Romantic period composers include Schubert, Mendelssohn, Schumann, Chopin, Liszt and Brahms. At their discretion, the judges may consider a composer such as Rachmaninoff either Romantic or Contemporary, so it may qualify a contestant for this award, the CONTEMPORARY WORK award, or -- conceivably -- both!

We encourage contestants to embellish and/or improvise when appropriate. See discussions under other prize categories.

For repertory ideas see:

Guide to the Pianist's Repertoire by Maurice Hinson: 1st edition, 1973, Indiana U. Press, ISBN 0-253-32700-8; 2nd edition, Indiana U. Press, call # ML 128 P3 H5 1987; 3rd edition due out in February, 2001. Check your local library, order from your favorite local bookstore, or order online.

This book is a must-read for all who wish to get in touch with our real traditions:

"After the Golden Age: Romantic Pianism and Modern Performance" by Kenneth Hamilton

Reviewer Susan Tomes writes: "Throughout the 'golden age' of Romantic piano-playing, it was not usual to perform whole sonatas as these were thought too severe. Improvisation was popular, as was the habit of 'preluding', or making up musical links between items. Players might give themselves breaks while they chatted with friends in the audience. Most pianists were also composers, and routinely included their own pieces. Playing from memory was not required, and sometimes even frowned on."

In his book, Hamilton points out that "anxiety over wrong notes is a relatively recent psychosis, and playing entirely from memory a relatively recent requirement."


Best book on how Chopin played and taught is Chopin: Pianist and Teacher As Seen by his Pupils, edited by Jean-Jacques Eigeldinger and translated by Naomi Shohet, Krysia Osostowicz, Roy Howat (ISBN 0-521-36709-3, 1989 paperback edition, Cambridge University Press).

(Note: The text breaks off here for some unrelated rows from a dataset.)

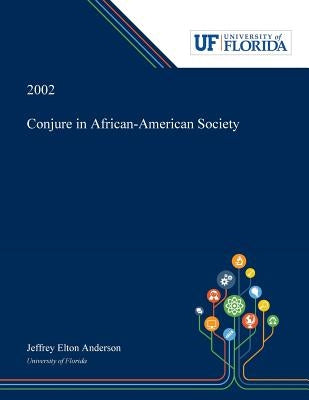 Conjure in African-American Society by Anderson, Jeffrey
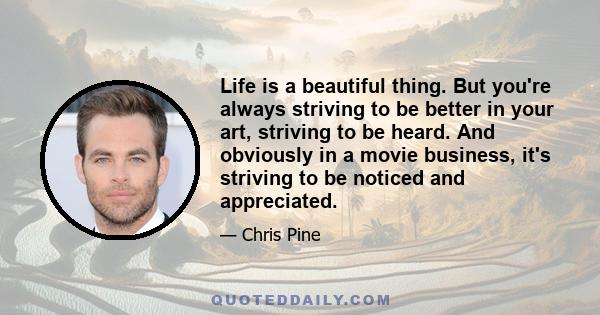 Life is a beautiful thing. But you're always striving to be better in your art, striving to be heard. And obviously in a movie business, it's striving to be noticed and appreciated.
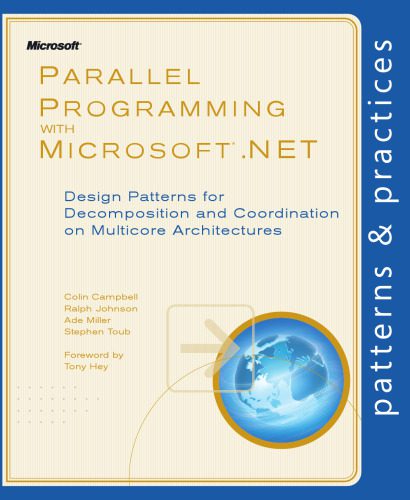 دانلود نسخه کامل کتاب Parallel Programming with Microsoft .NET: Design Patterns for Decomposition and Coordination on Multicore Architectures (Patterns & Practices)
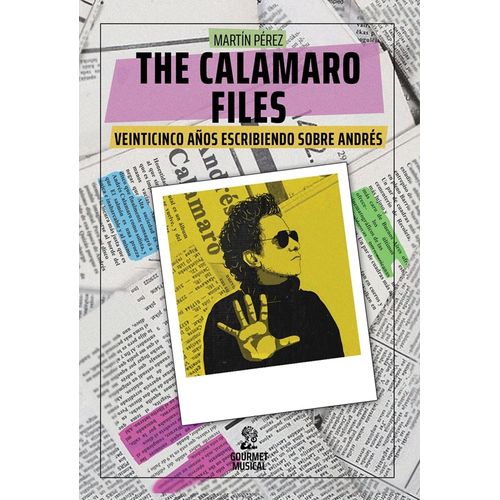 THE CALAMARO FILES. 25 AÑOS ESCRIBIENDO SOBRE ANDRES - MARTI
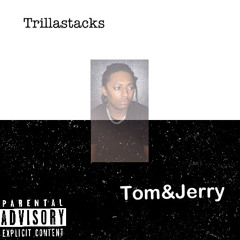 Trillastacks - Tom & Jerry (Single)
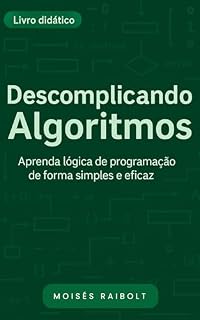 Livro Descomplicando Algoritmos: Aprenda Lógica de programação de forma clara e eficaz!!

Check your local library, order from your favorite local bookstore, or try one of these sites:

Cambridge University Press



Chopin was known to have improvised tastefully and discretely, particularly in his nocturnes, waltzes and mazurkas. The most instructive and stunning example is in the Wiener Urtext Edition of the Complete Nocturnes, Edited by Jan Ekier (UT 50065). See the Nocturne in E-Flat Major, Op. 9/2 with authentic Chopin variants. You can order this and other music from any music store.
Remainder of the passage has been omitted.